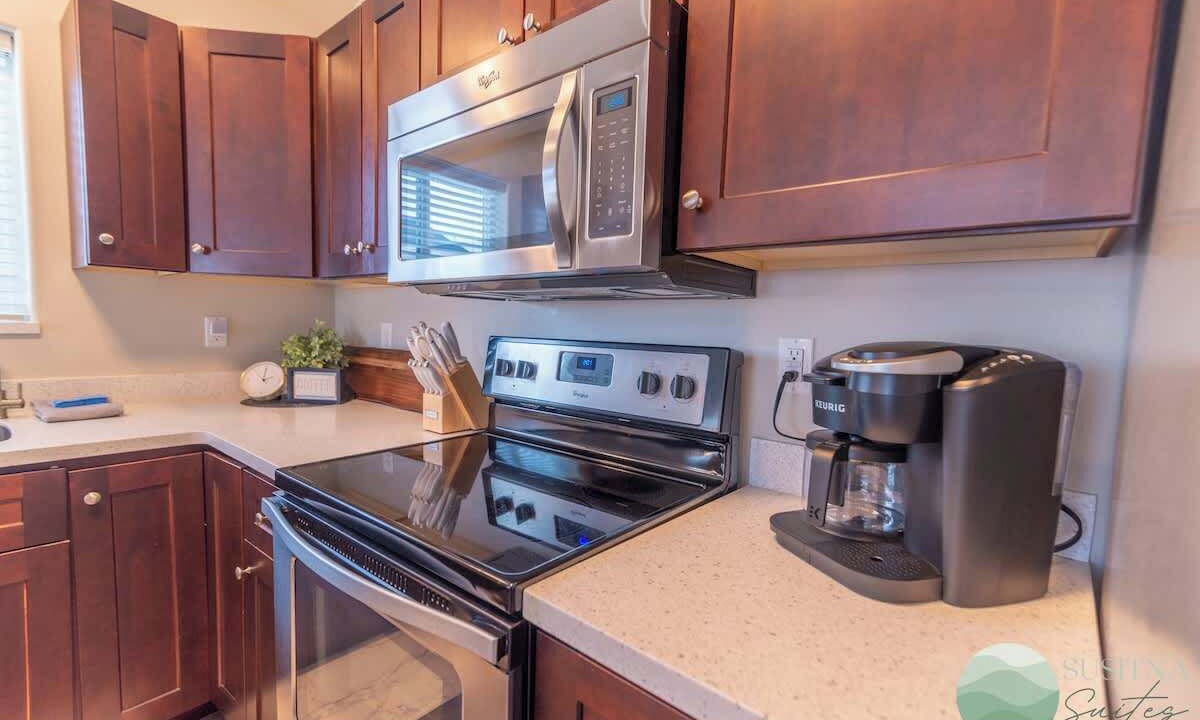 Photo of Kitchen in Meadow Lakes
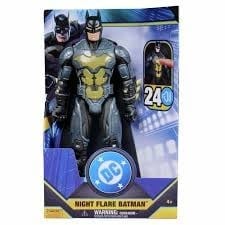 BATMAN FGR 12 LGHTS AND SNDS BATMAN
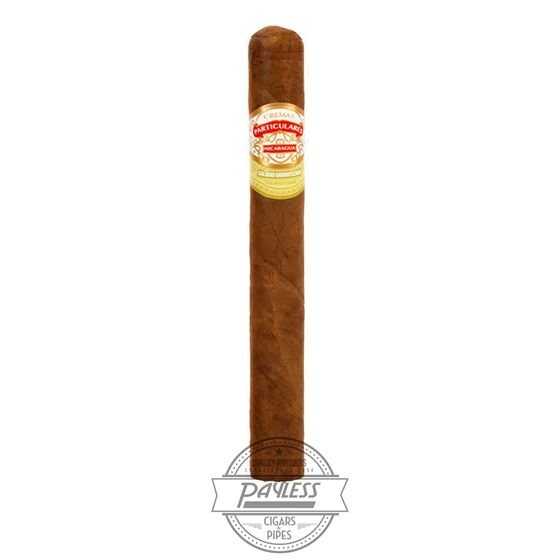 Particulares Belvederas Cigar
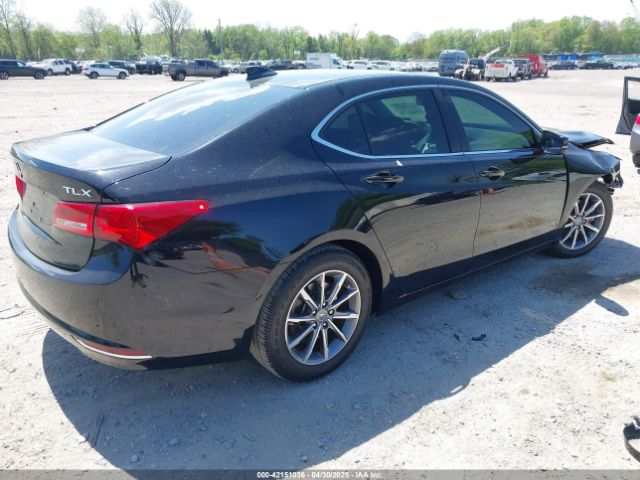 19UUB1F57LA002896 Acura Tlx Tech Package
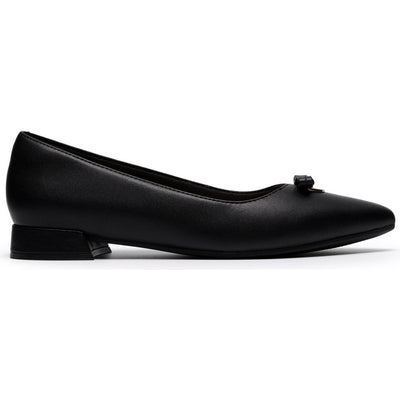 Clarks - Womens Natalyn Trim Ballet Shoes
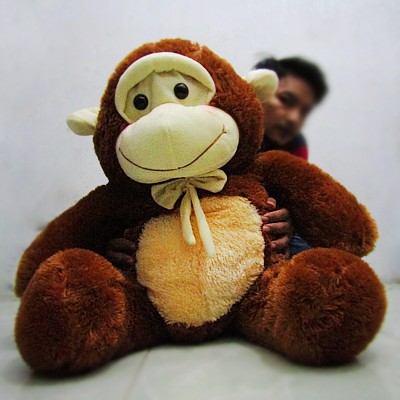 Boneka Monyet jumbo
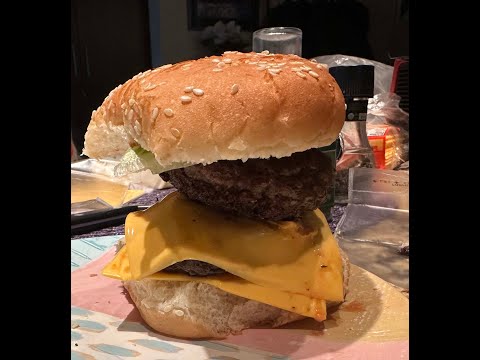 How to make a delicious Hamburger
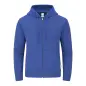 Sudadera Adulto Capucha + Cremallera Walder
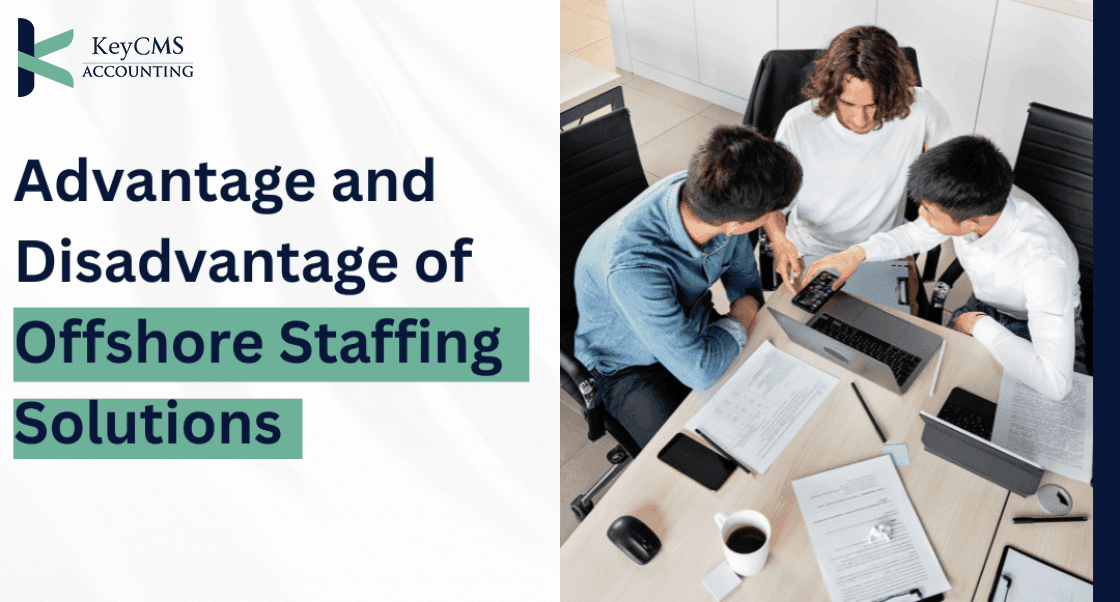 Offshore staffing solution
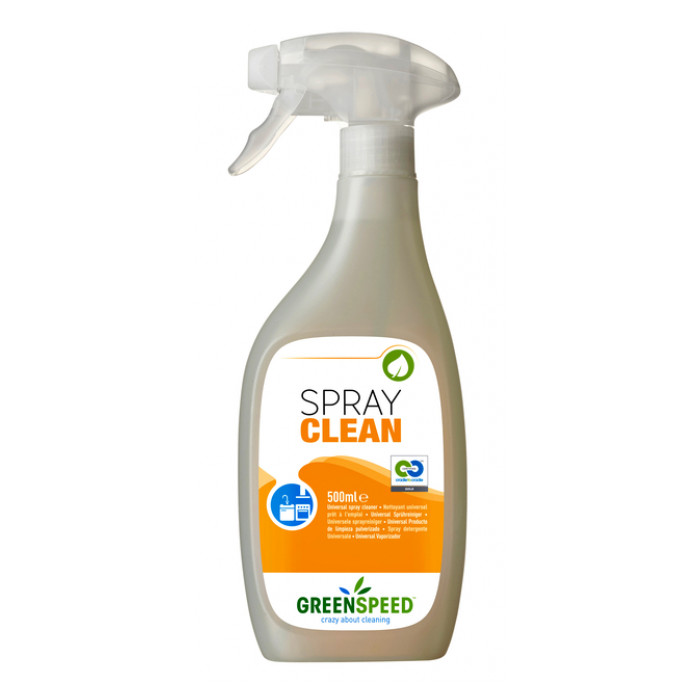 Keukenreiniger Greenspeed Spray Clean 500ml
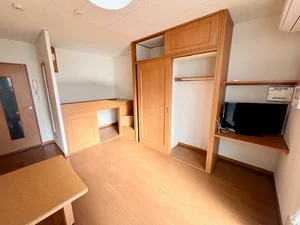 信州大学松本キャンパス周辺のマンスリーマンション・ウィークリーマンション「レオパレスジェルソミーナ 101(No.301034)」メイン画像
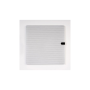 Cloud Magnetic Ceiling Grill - White for CS-C5, CS-C6, CS-C8 CS-CSUB8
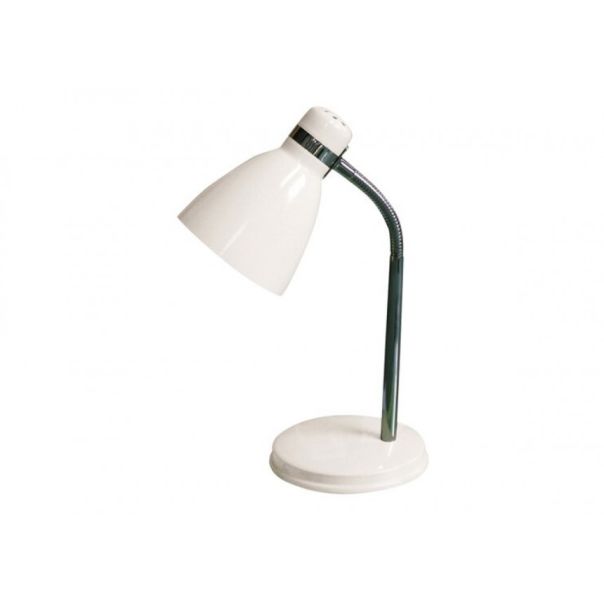 Rabalux Stona lampa Patric E14 1x MAX 40W bela (4205) - 4205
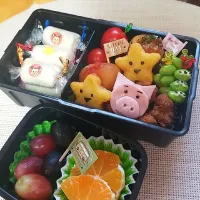 遠足お弁当|Rrrさん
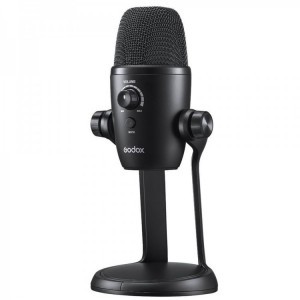 Godox UMic82 Multi-Pattern kondenzátor USB mikrofon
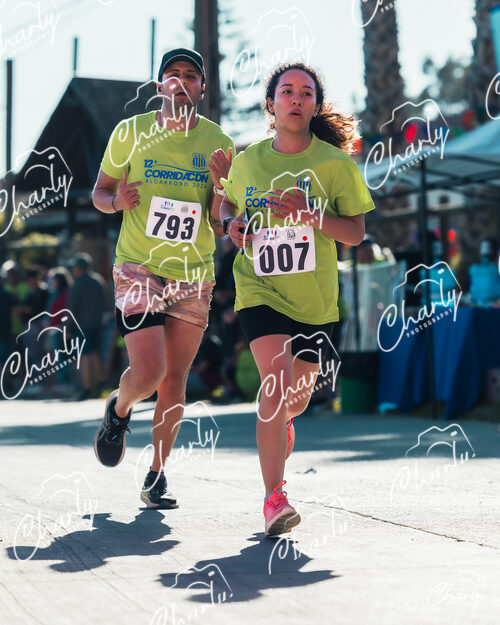 12 Corrida Familiar CDN Algarrobo 2026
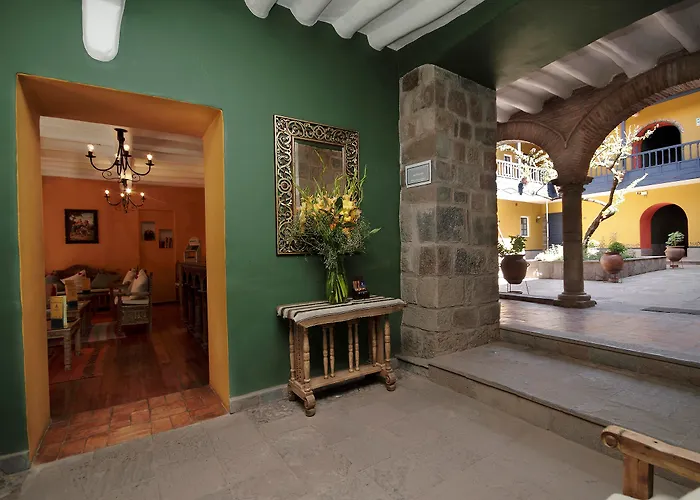 Tambo Del Arriero Boutique Cusco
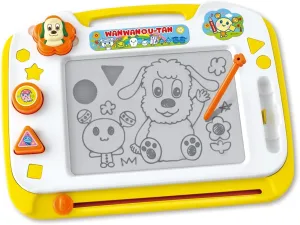 JOYPALETTE／ジョイパレット ワンワンとうーたん のびのびおえかきボード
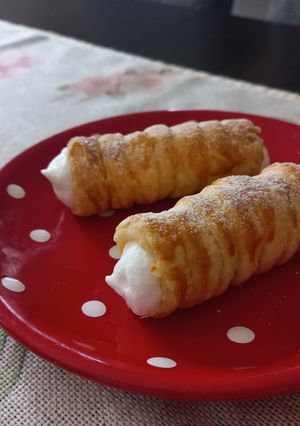 Habroló recept fotója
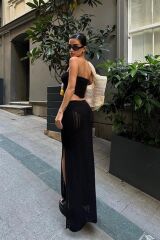 Mischa Cut Out Ajurlu Takım 9839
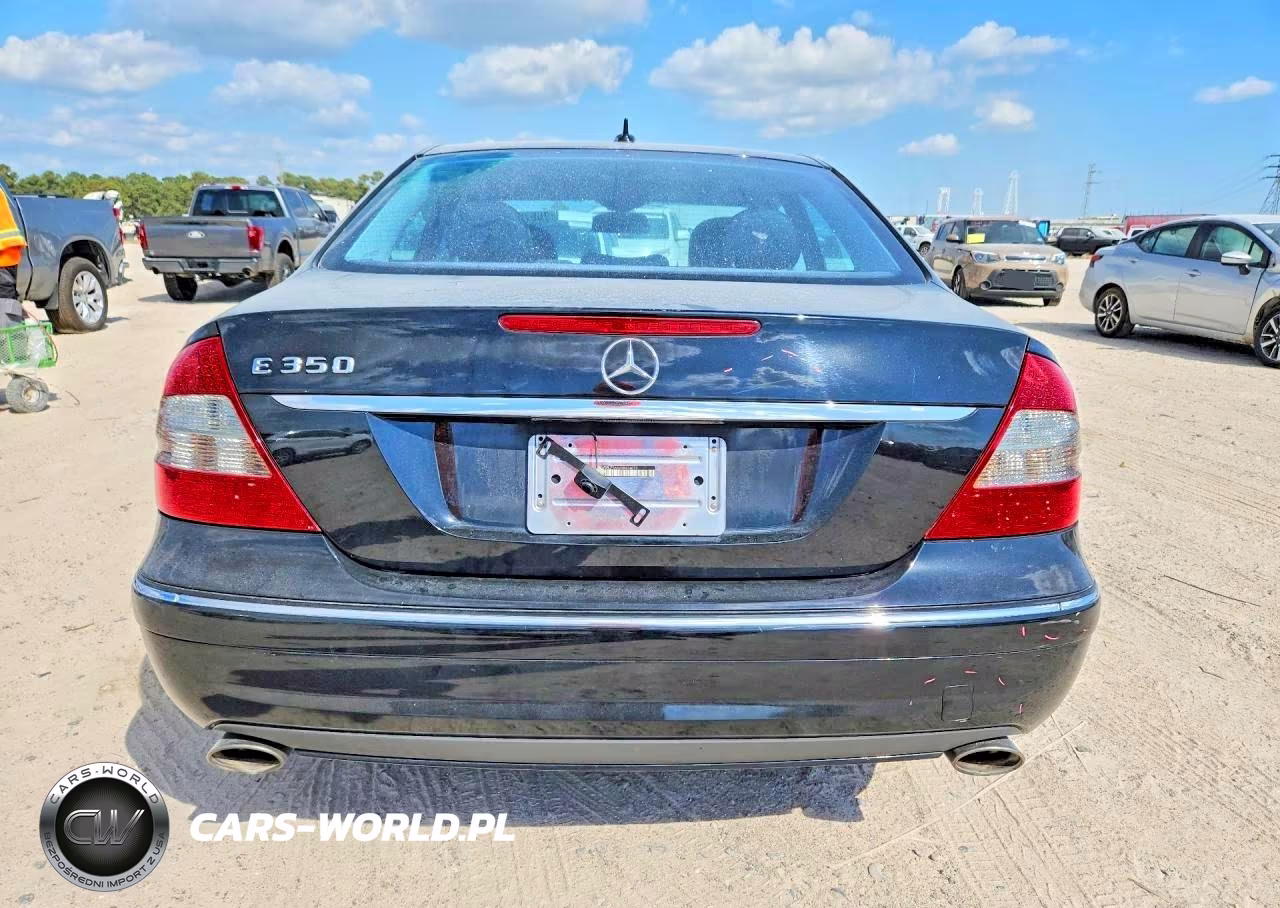 2009 Mercedes-Benz E 350 VIN:WDBUF56X69B424073 - 6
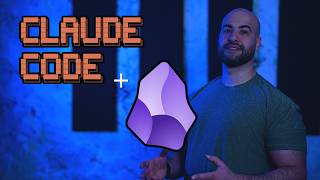 Obsidian + Claude Code | המוח השני שלנו הופך לאוטומטי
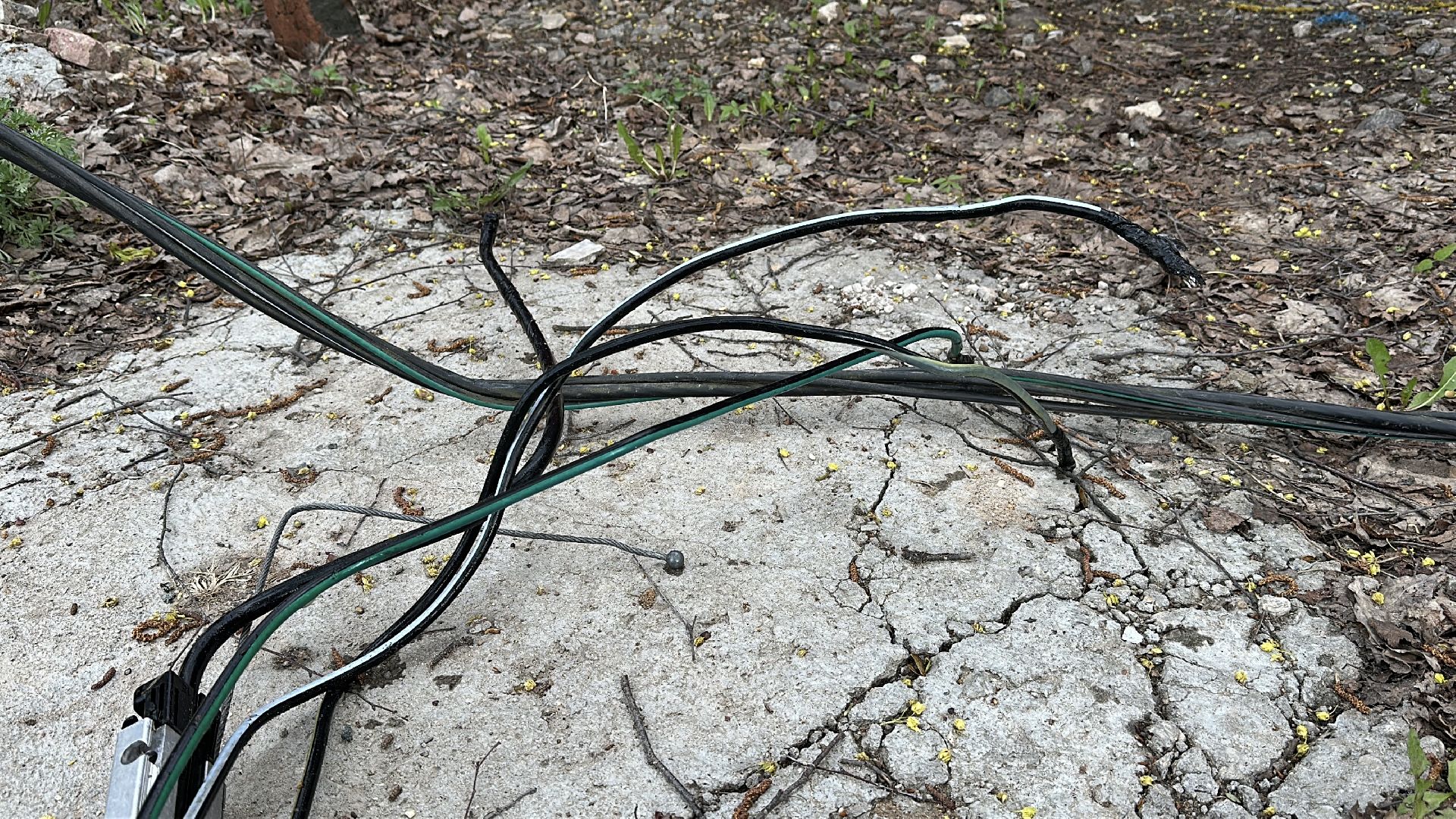 клин, общество, жкх, чп, электроэнергия, устранение последствий снегопада,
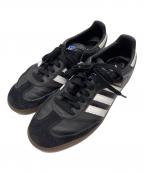 adidasアディダス）の古着「サンバ OG スニーカー ローカットスニーカー」｜ブラック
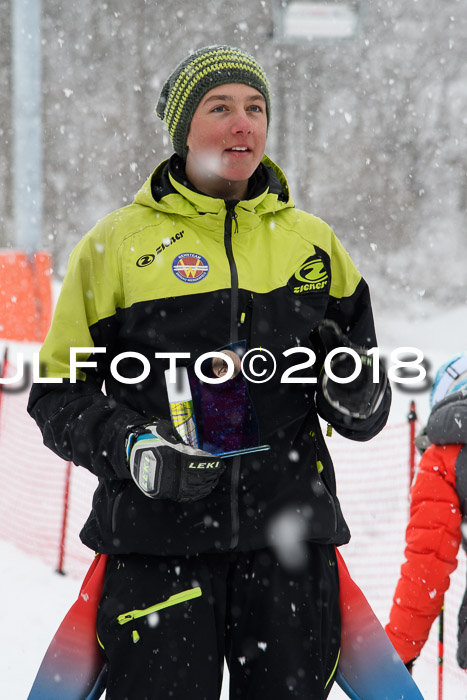 5. BZB CUP SL; WFM 2018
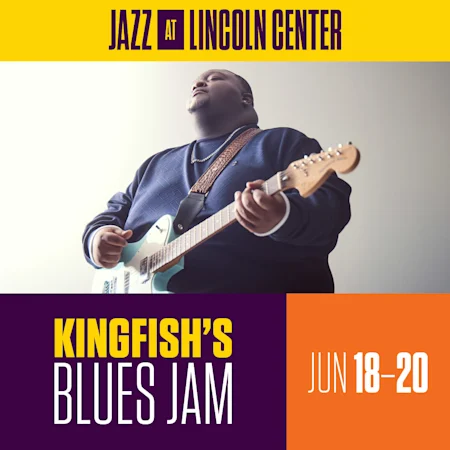 Kingfish's Blues Jam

********************

• _What to do_
Above are the records; give them all again exactly, apart from the pictures.

• _Written reply_
 Photo of Kitchen in Meadow Lakes
 BATMAN FGR 12 LGHTS AND SNDS BATMAN
 Particulares Belvederas Cigar
 19UUB1F57LA002896 Acura Tlx Tech Package
 Clarks - Womens Natalyn Trim Ballet Shoes
 Boneka Monyet jumbo
 How to make a delicious Hamburger
 Sudadera Adulto Capucha + Cremallera Walder
 Offshore staffing solution
 Keukenreiniger Greenspeed Spray Clean 500ml
 信州大学松本キャンパス周辺のマンスリーマンション・ウィークリーマンション「レオパレスジェルソミーナ 101(No.301034)」メイン画像
 Cloud Magnetic Ceiling Grill - White for CS-C5, CS-C6, CS-C8 CS-CSUB8
 Rabalux Stona lampa Patric E14 1x MAX 40W bela (4205) - 4205
 遠足お弁当|Rrrさん
 Godox UMic82 Multi-Pattern kondenzátor USB mikrofon
 12 Corrida Familiar CDN Algarrobo 2026
 Tambo Del Arriero Boutique Cusco
 JOYPALETTE／ジョイパレット ワンワンとうーたん のびのびおえかきボード
 Habroló recept fotója
 Mischa Cut Out Ajurlu Takım 9839
 2009 Mercedes-Benz E 350 VIN:WDBUF56X69B424073 - 6
 Obsidian + Claude Code | המוח השני שלנו הופך לאוטומטי
 клин, общество, жкх, чп, электроэнергия, устранение последствий снегопада,
 adidasアディダス）の古着「サンバ OG スニーカー ローカットスニーカー」｜ブラック
 5. BZB CUP SL; WFM 2018
 Kingfish's Blues Jam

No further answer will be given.